Cindy, does Faux News hire any female who isn’t cute and blonde?
Cindy, I agree, Rather crossed the great divide.
I think most of us are talking about TV journalism that makes it into our homes each day, like Cronkite did. Regardless of what they prefer to call themselves, the cable news stations have become MSM. I do think CNN gets a bum rap, mostly by those who prefer Fox. I think you have to watch both to even get it half right.
Our local news at 11 seems to me to be the most unbiased.
On CNN, I can’t say today which ones are. But a couple of years ago they were extermely slanted against the Iraq War, and some idiot on there (I forget who) made the statement that all US soldiers over there are participating in an illegal war, and basically are enemy invaders, etc.
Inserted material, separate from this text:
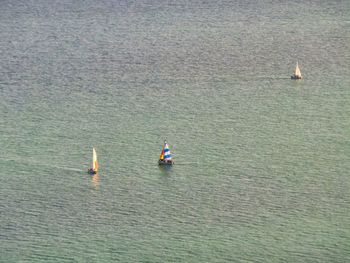 High angle view of people on boat sailing in sea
My system used to carry both Fox and CNN, and some high up general saw that piece, and forbid my satellite broadcast system to carry CNN anymore.
I just think they are just about as slanted as Fox, but that’s my own opinion. And, who can forget the time CNN had that funny advertisement for their attractive woman newscaster, that had the sound of a zipper unzipping in the background, and said something like “let’s wake up to XXX in the morning” (I forget her name). I think she came out against that ad and was appalled with it, and later on moved to Fox.
Anyway, there’s a flow of people back and forth between Fox and CNN, actually.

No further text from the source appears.